Rust also has asm.js and Wasm targets, which use fastcomp, which is from a fork of LLVM. At first I thought this meant Rust would change LLVM branches when building the emscripten target, but it seems like actually Rust uses one branch that has either merged in or cherry-picked fastcomp. Is this right?
Next, the Wasm LLVM backend seems to have advanced somewhat since January when it seems Rust’s LLVM was last significantly updated. Would the Rust team be open to updating the LLVM Wasm backend? If so, would it be better to do it with cherry picking, merging, subtree merges, or trying to do another LLVM upgrade?
It looks like this is our fork. There was a time when we only carried a few patches, but it looks quite monstrous at the moment.

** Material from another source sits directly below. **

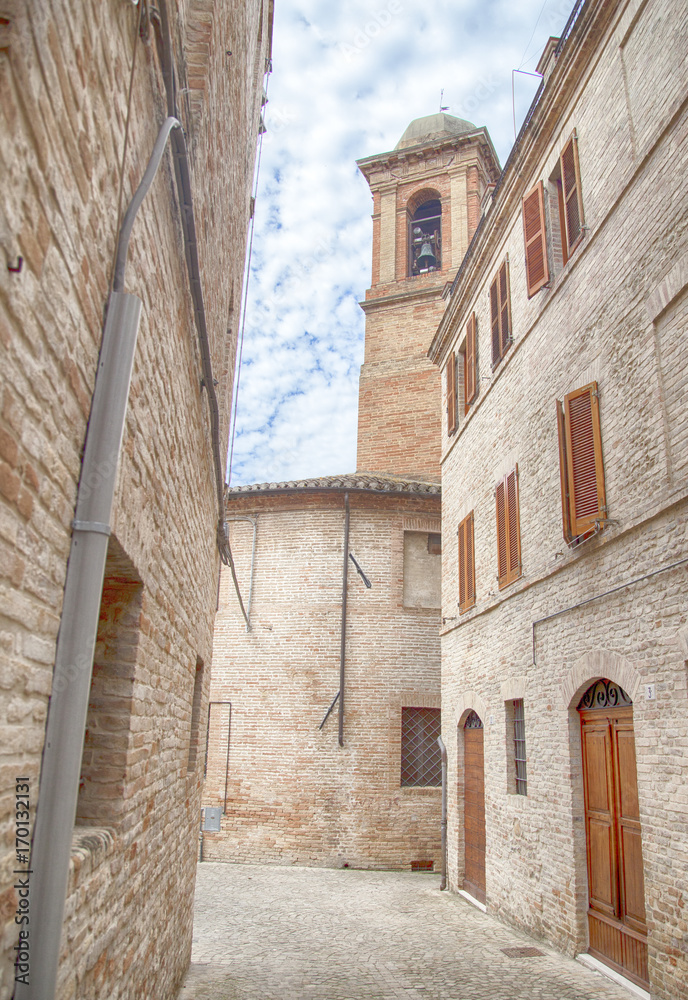 Fototapeta premium Vicolo stretto nelle Marche, Italia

Rust does not base it’s fork off of a released version of LLVM. It is an arbitrary commit from upstream LLVM. LLVM upgrades do break Rust’s bindings but that is usually not the hardest part of the upgrades. Rather, getting all of Rust’s supported platforms to pass CI again is. Our MinGW port is especially troublesome, as upstream support has degraded over the years.

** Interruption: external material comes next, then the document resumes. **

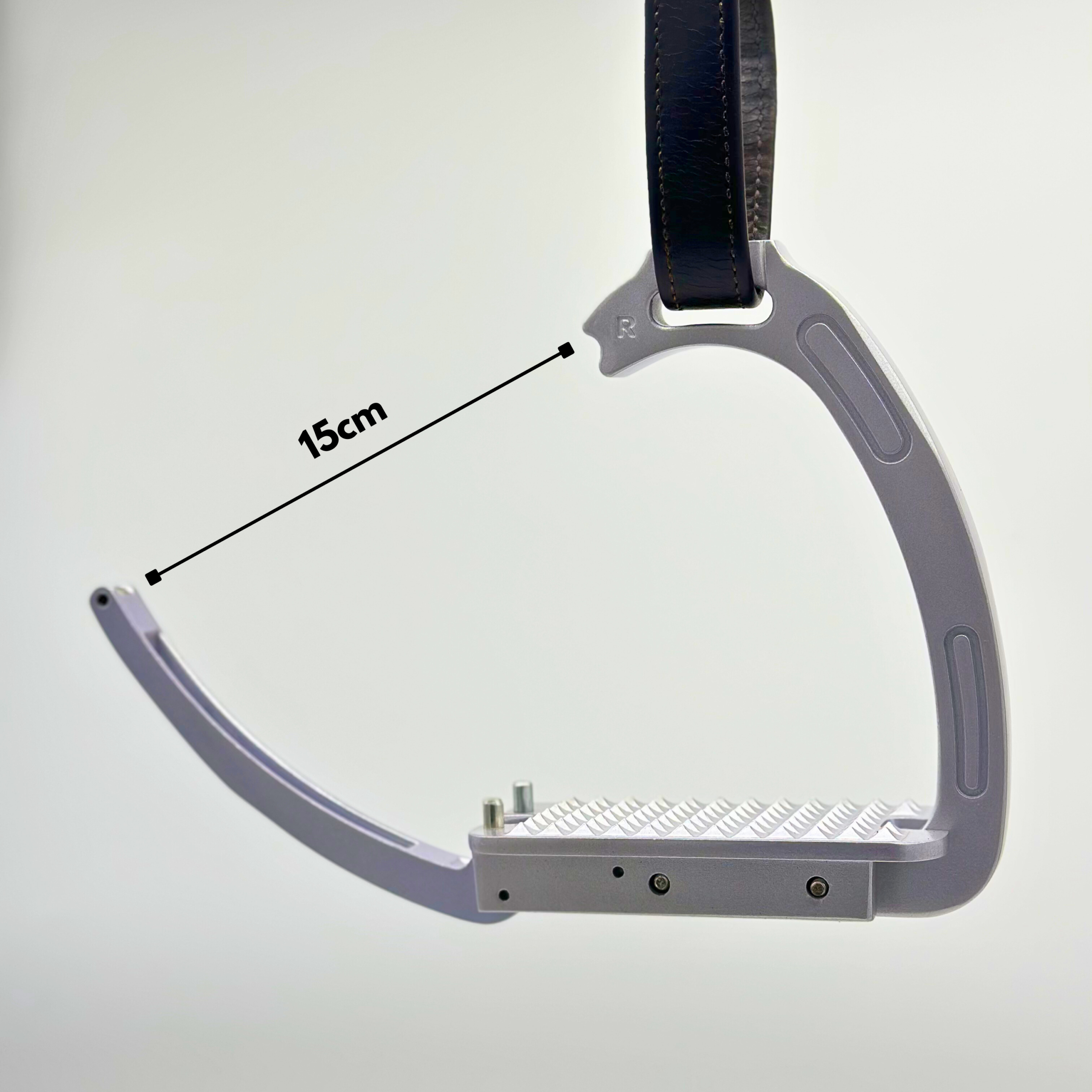 Découvrez nos tous nouveaux étriers de sécurité Magnetik ! Un ingénieux syst-me de branche aimantée qui s'ouvre en cas de chute et libère le pied du cavalier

It looks like we are currently carrying a merge of the fastcomp fork, though when I originally merged fastcomp support, we did not literally merge with fastcomp, we just created a minimal patch that created a fastcomp target with fastcomp-compatible IR.

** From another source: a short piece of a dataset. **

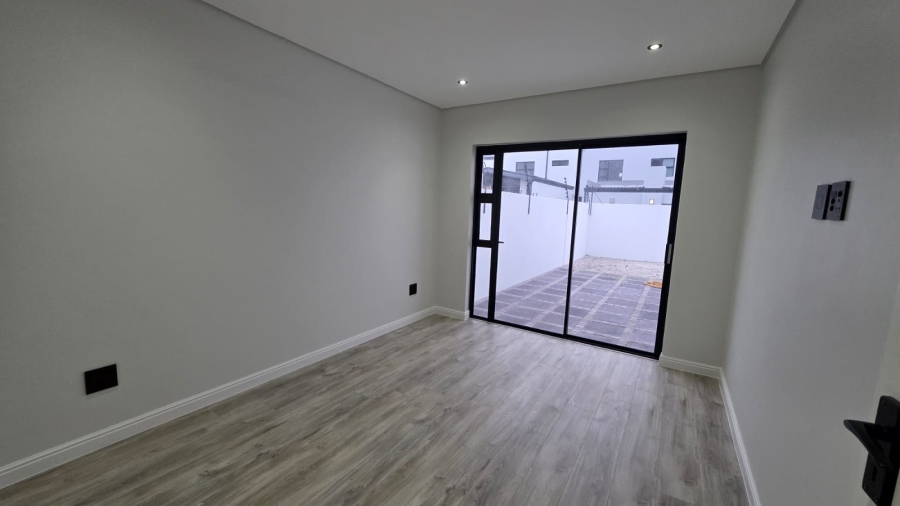 4 Bedroom Property for Sale in Sandown Western Cape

If we try to pull in an updated wasm backend I’d prefer to upgrade LLVM from upstream and not cherry-pick more stuff.
This all sounds kind of crazy. Is upstream LLVM really so unstable that it regularly breaks platforms? Or is it that rust is using LLVM in ways that LLVM wasn’t designed for?
It could be that basing our fork off of arbitrary commits causes us more platform regressions than using an LLVM release. Presumably they catch some regressions ahead of release.
Out of curiosity, what all is in the Rust LLVM fork that’s not in regular LLVM? Are these changes still necessary, or would it be feasible to consider moving back to a vanilla LLVM release?
I went ahead and opened https://github.com/rust-lang/rust/issues/42389, since it seems like de-forking LLVM would be beneficial in the long run. Of course, there may still be reasons why the state of affairs is necessary, so the bug seems like a good place to discuss the feasibility and desirability of de-forking LLVM.
FWIW, Rust does work with vanilla LLVM. We use the system LLVM in Fedora, and probably most other distros do too. But we’re only trying to support our own native linux-gnu targets in that case.
I do apply some of the rust-llvm backported fixes to our system LLVM though.